Are Lean beneficial to your company? I would like to challenge you to stroll through your workplace. Discuss with employees their problems and their frustrations. Examine the processes and identify the potential areas including excess inventory, customers moving back and forth between locations to complete the task, low inventory conditions, chaos and unplanned downtime security risks, irregular workflow, high volume of returns, or the frequency of customer service calls, as well as the lack of organization for equipment and equipment. Also, be aware of the attitude of employees and their participation in the improvement of quality. As of now, we aren’t identifying the crucial ones that you will need to start implementing Lean procedures and management. We’re just trying to determine if it’s worthwhile to take the next steps in your Lean journey. When you’ve made your list, you can relax sipping a cup of tea or tea and think about the importance of process improvement as well as the shift into a Lean culture. I’m sure you’ll agree that your business can profit from Lean.
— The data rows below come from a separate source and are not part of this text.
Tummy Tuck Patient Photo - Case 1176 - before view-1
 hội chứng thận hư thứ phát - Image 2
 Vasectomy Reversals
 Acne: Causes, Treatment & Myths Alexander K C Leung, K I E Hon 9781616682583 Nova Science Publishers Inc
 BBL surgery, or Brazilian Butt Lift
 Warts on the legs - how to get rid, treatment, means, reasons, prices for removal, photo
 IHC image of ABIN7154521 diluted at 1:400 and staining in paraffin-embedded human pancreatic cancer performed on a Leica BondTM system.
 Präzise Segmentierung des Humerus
Note: Resources to get started using LEAN:

Liker, Jeffery K (2004). The Toyota Way: 14 Management Principles of the World’s Leading Manufacturer. New York: McGraw-Hill.

Mann, David, (2010). The Lean Culture of Creating Tools to sustain lean conversions (3rd Version), Boca Raton: CRC Press.

Rother, Mike, (2010). Toyota KATA: Managing People to Improve, Adapt and Superior Performance. New York: McGraw-Hill

For more information, you can read one of the recommended books below. And then tune in to our Thursday podcast, which began on the 19th of October and is published via our website. Keep an eye out for our bi-weekly blog articles.